### Work instructions
Exactly the lines below from the line with "Brown genuine leather handbag" through the line with "Coussin Velours Brodé" must make up the answer, both ends included and pictures left out.

*** Data listing ***

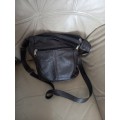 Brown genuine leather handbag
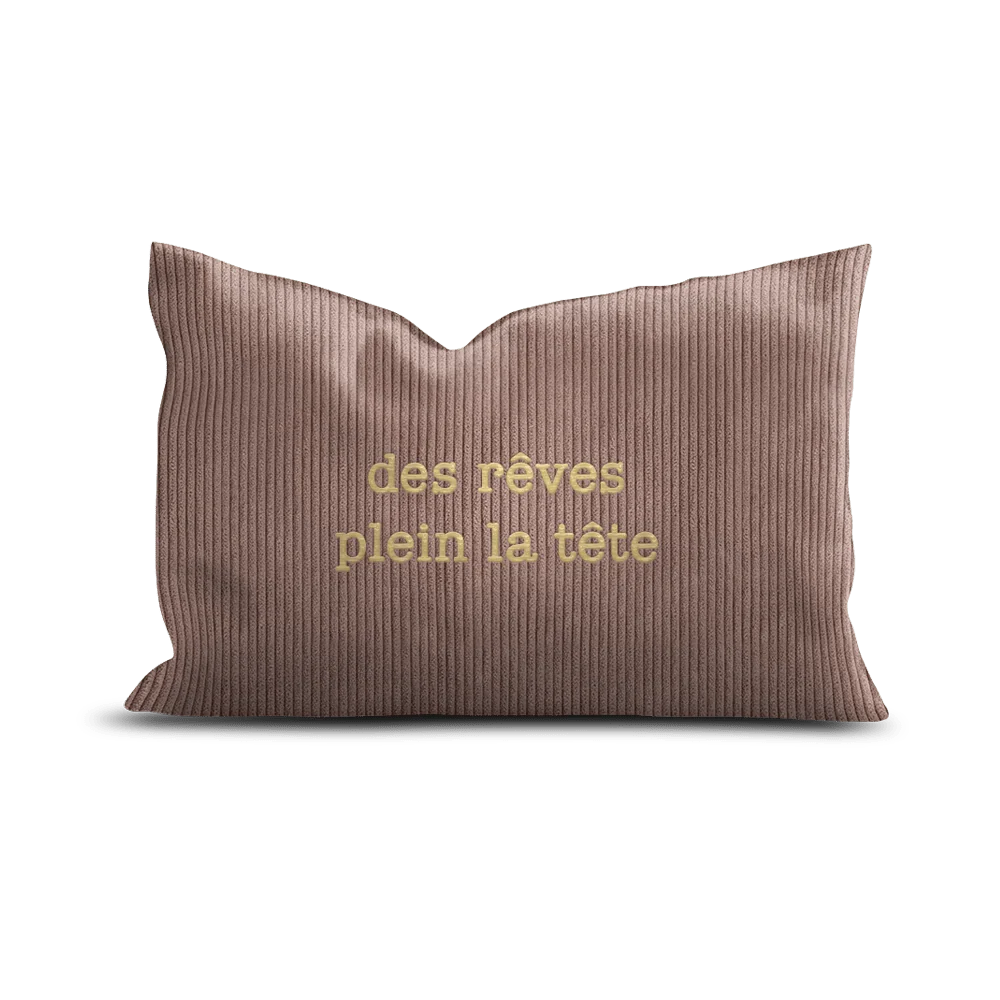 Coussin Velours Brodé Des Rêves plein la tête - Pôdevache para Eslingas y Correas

*** End of Data listing ***
*** Data listing ***

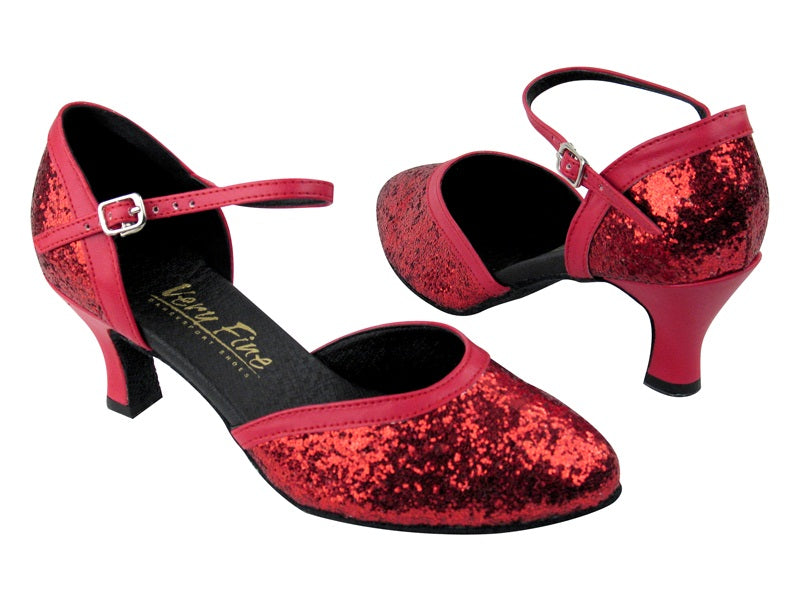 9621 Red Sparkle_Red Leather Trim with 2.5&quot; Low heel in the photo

*** End of Data listing ***
*** Data listing ***

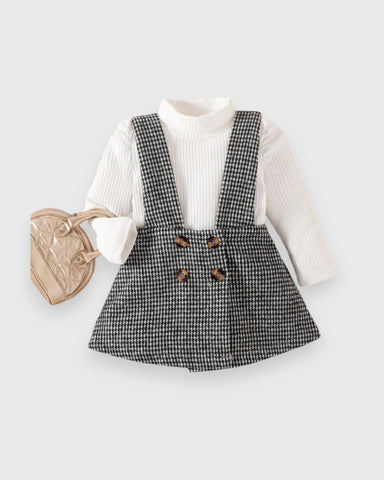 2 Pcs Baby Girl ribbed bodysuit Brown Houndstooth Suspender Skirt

*** End of Data listing ***

### Response box
 Brown genuine leather handbag
 Coussin Velours Brodé Des Rêves plein la tête - Pôdevache para Eslingas y Correas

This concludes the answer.